Gravy….tricks of the trade
How is the gravy at your Thanksgiving Feast? Does it taste like runny salt? Is it super lumpy with a taste of cardboard? Well, never fear….here are some tips for making it fantastic. These tips are come from my husband Adam, who always makes the gravy around here. He has a real knack for gravy, so I have asked him to help us all out! The best and most important tip I can give you is to keep tasting as you are making. The next most important tip is….never add flour directly into your gravy. It has to be mixed into milk or water first, and then added. Otherwise you’ll end up with a ton of lumps. There aren’t any exact measurements here. Just a little guide to help you make the gravy great.
Drippings from the turkey
1 can cream of mushroom soup
flour (1 T will thicken about 1 C of gravy)
chicken bullion cubes
package of gravy mix (sometimes comes inside the turkey in a little pouch, this is optional)
1. Pour the drippings (and the package of gravy mix, if available) into a sauce pan.
2. Add the cream of mushroom soup.
3. Add about 1/2 C water and whisk together. If your drippings are salty, add a bit more water.

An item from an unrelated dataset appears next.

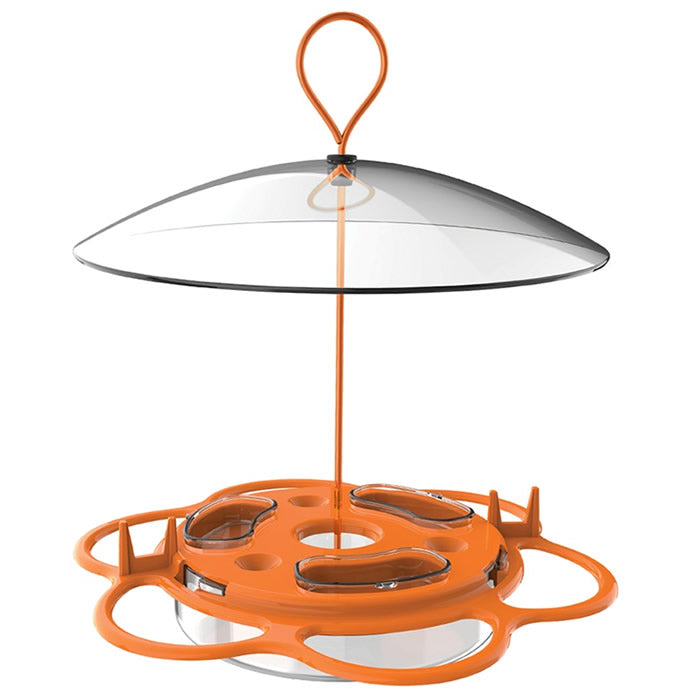 All-In-One Oriole Buffet bird feeder with three nectar ports, two orange holders, three jelly dishes, bee guards, ant moat, and clear weather guard.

If the drippings are bland, then add a couple of bullion cubes at this point. Remember….just keep tasting it.
4. Pour about a cup of milk into a glass Pyrex measuring cup. Add about 1/2 C of flour and whisk it in until its smooth and there are no lumps.
5. Stir in about 3/4 of the milk/flour mixture into the sauce pan of drippings.
6. Stir and bring the mixture to a boil. Once it has reached a boil you will be able to tell what consistency you have. If the gravy is too thick, add a bit more milk. If the gravy is to thin add a bit more of the milk/flour mixture.
7. Once you have the right consistency, let it cook on medium heat for about 6 minutes. Keep stirring, it will scorch on the bottom if you don’t stir while it cooks. There you have it! Good luck!